If you encounter a headwind in a climb for which you want to climb at a constant IAS, with the increase in airflow relative to the aircraft you will see a rise in IAS, so to pitch for that same IAS as what you were climbing at before the headwind, you will be at a steeper angle vs the horizontal of the earth. The climb performance when it comes to rate of climb will not be changed but most definitely the angle.

For best angle of climb, i.e. Vx to clear an obstacle this would be of great help to you. The head wind will lower your ground speed thus covering less ground since Vx is by definition height gain vs ground distance covered.

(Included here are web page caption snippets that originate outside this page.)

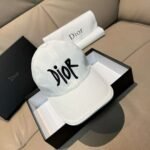 Dior new baseball cap embroidery pure cotton fabric + head layer cowhide - Image 3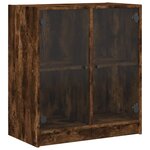 vidaXL Armoire latérale avec portes en verre chêne fumé 68x37x75 5 cm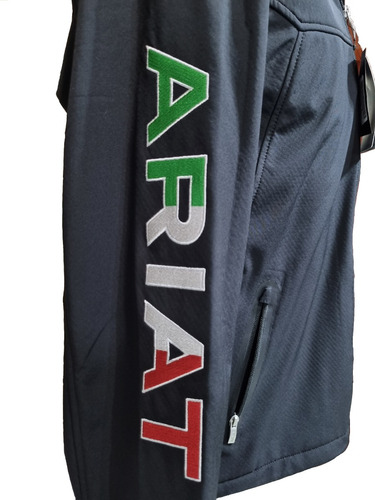 Chamarra Casual Ariat Caballero Color Negro Bordado Mexico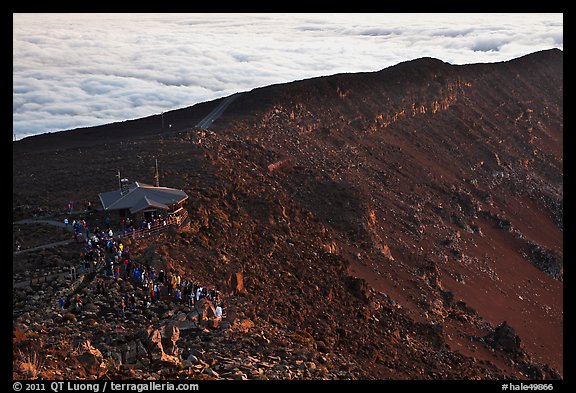 First light hits visitor center on Halekala summit. Haleakala National Park, Hawaii, USA.
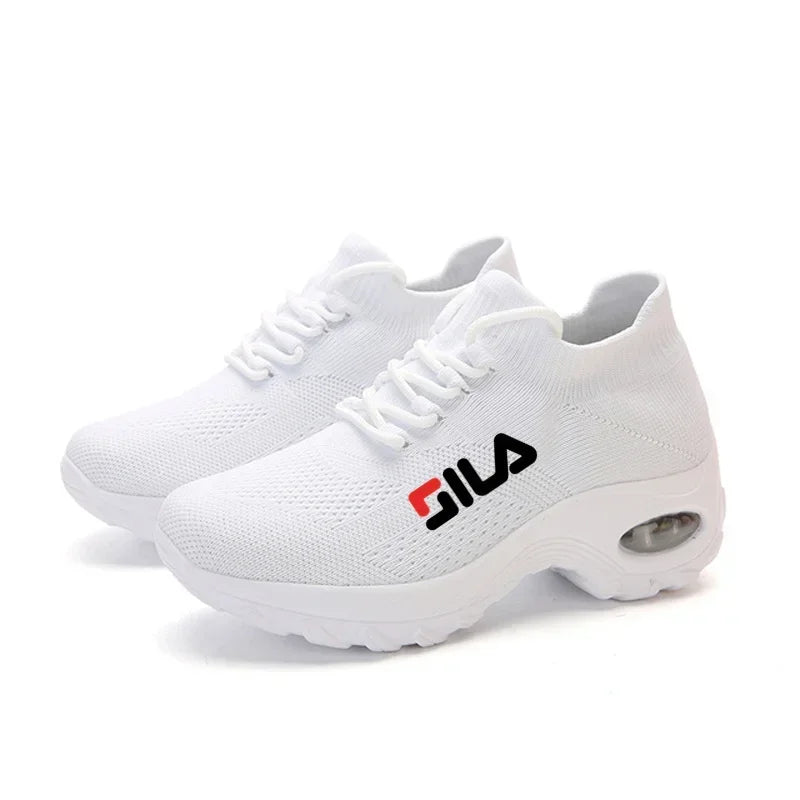 Zapatillas de tenis para mujer, de malla transpirable, con aumento de altura, sin cordones, para exteriores, con plataforma y suela gruesa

Wind adverseley affected to the climb gradient( weight, IAS, Large flap setting and acceleration also). As Climb gradient is a ratio of heigh to the travelled ground distance, wind affcet has a large. As increasng altitude in steady wind condition with given IAS TAS increasing which same time decrerasing gradient. If climbing in tailwind also climb gradient is decraesing which distanve required to travell increase. With head wind climb gradient increase which decrease ground distance required to travel. Dont confuse it with Rate of Climb. Wind has no affect to ROC as roc is altitude change in unit of time.

Climb out in tailwind sometimes some pilots confuse it by setting large flap setting. But teh lage flap setting the more drag and less gradient. Best choise is (when rw is limited by lenght) use improved climb( high speed to allow creation more excess thrust)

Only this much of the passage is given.